--- DATA BLOCK ---
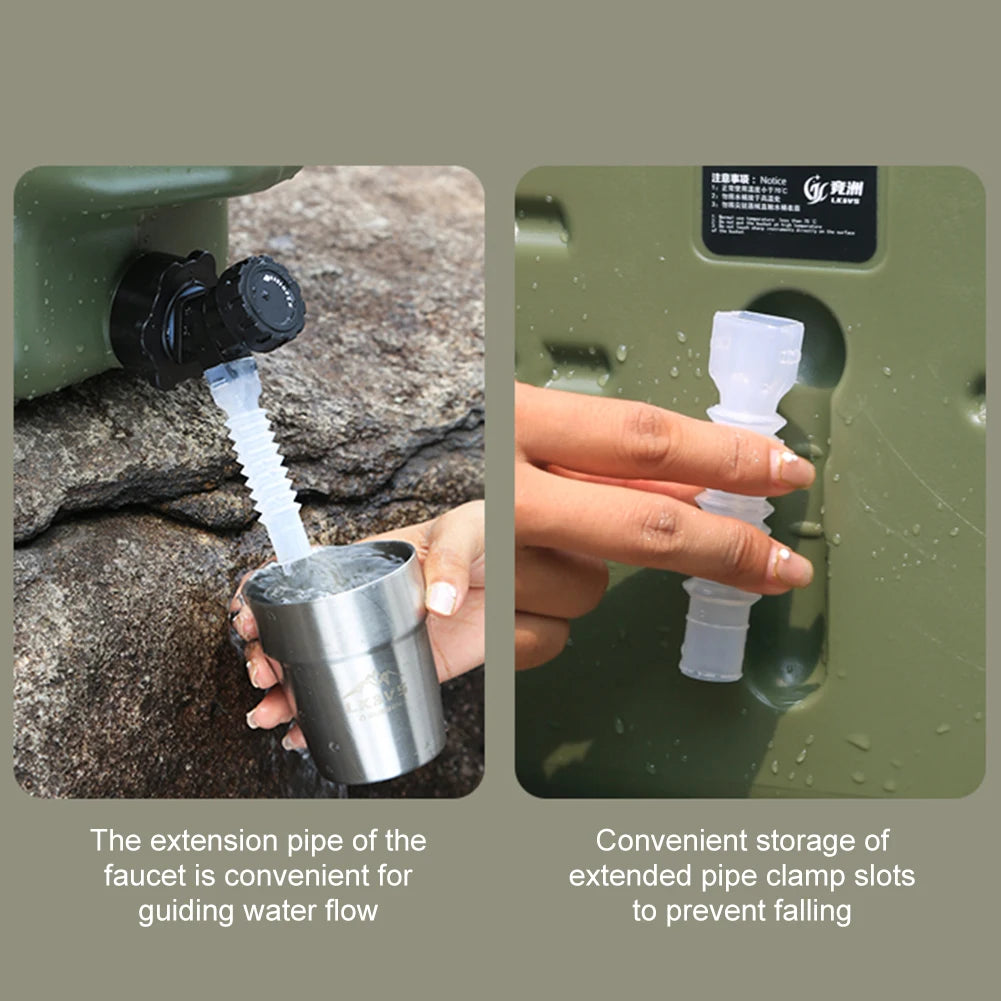 Water Tank With Spigot For Camping Travel Leak Proof Container
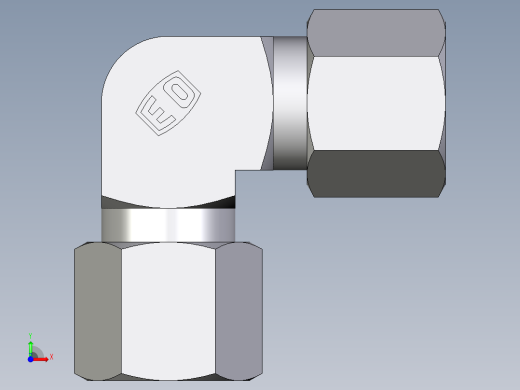 卡套式工业通用硬管接头EO_Union_elbow_W08LCF前视缩略图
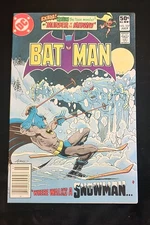 Batman #337 DC Comics 1981 Snowman Newsstand Edition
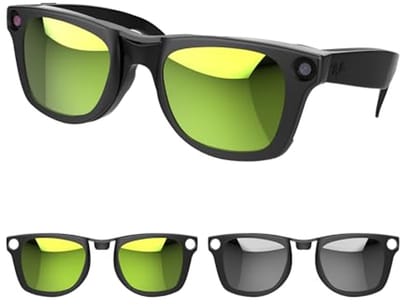 Compatibele Meta Wayfarer Smart Bril Kleurveranderende Clip Set voor Mannen en Vrouwen - Maat M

--- WORK REQUEST ---
Copy the final stretch of lines, starting at the one that holds "Batman #337 DC" and ending at the last line of the data, exactly; omit pictures.

--- OUTPUT ---
 Batman #337 DC Comics 1981 Snowman Newsstand Edition
 Compatibele Meta Wayfarer Smart Bril Kleurveranderende Clip Set voor Mannen en Vrouwen - Maat M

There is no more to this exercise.